DETROIT – There was no mourning at this funeral.
Hundreds of onlookers cheered Monday afternoon as the NAACP put to rest a long-standing expression of racism by holding a public burial for the N-word during its annual convention.
The ceremony included a march by delegates from across the country from downtown Detroit's Cobo Center to Hart Plaza. Along the way, two Percheron horses pulled a pine box adorned with a bouquet of fake black roses.
The coffin is to be placed at Detroit Memorial Park Cemetery and will have a headstone.

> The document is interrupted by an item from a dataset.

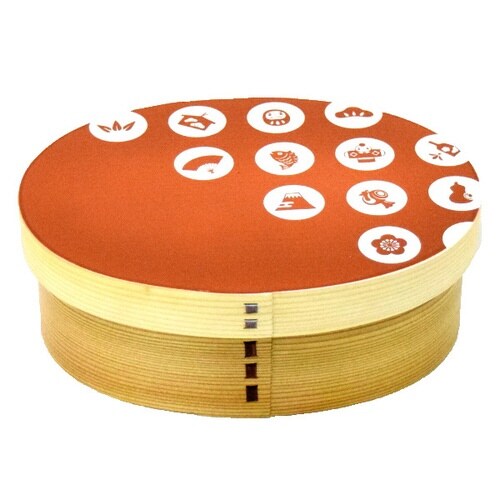 お弁当箱 曲げわっぱ 600ml 1段 赤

"Today we're not just burying the N-word, we're taking it out of our spirit," said Detroit Mayor Kwame Kilpatrick. "We gather burying all the things that go with the N-word. We have to bury the 'pimps' and the 'hos' that go with it."
He continued: "Die N-word, and we don't want to see you 'round here no more."

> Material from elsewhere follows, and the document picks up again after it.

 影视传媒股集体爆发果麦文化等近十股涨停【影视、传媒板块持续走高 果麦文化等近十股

The N-word has been used as a slur against blacks for more than a century. It remains a symbol of racism, but also is used by blacks when referring to other blacks, especially in comedy routines and rap and hip-hop music.
"This was the greatest child that racism ever birthed," the Rev. Otis Moss III, assistant pastor at Trinity United Church of Christ in Chicago, said in his eulogy.
Public discussion on the word's use increased last year following a tirade by "Seinfeld" actor Michael Richards, who used it repeatedly during a Los Angeles comedy routine and later issued a public apology.
The issue about racially insensitive remarks heated up earlier this year after talk show host Don Imus described black members of the Rutgers University women's basketball team as "nappy-headed hos" on April 4.
NAACP National Board Chairman Julian Bond repeated the call during the opening address Sunday night for the 98th annual convention, which runs through Thursday.
"While we are happy to have sent a certain radio cowboy back to his ranch, we ought to hold ourselves to the same standard," Bond said. "If he can't refer to our women as `hos,' then we shouldn't either."
Black leaders, including the Revs. Jesse Jackson and Al Sharpton, have challenged the entertainment industry and the American public to stop using the N-word and other racial slurs.
The NAACP held a symbolic funeral in Detroit in 1944 for Jim Crow, the systematic, mostly Southern practice of discrimination against and segregation of blacks from the end of post-Civil War Reconstruction into the mid-20th century.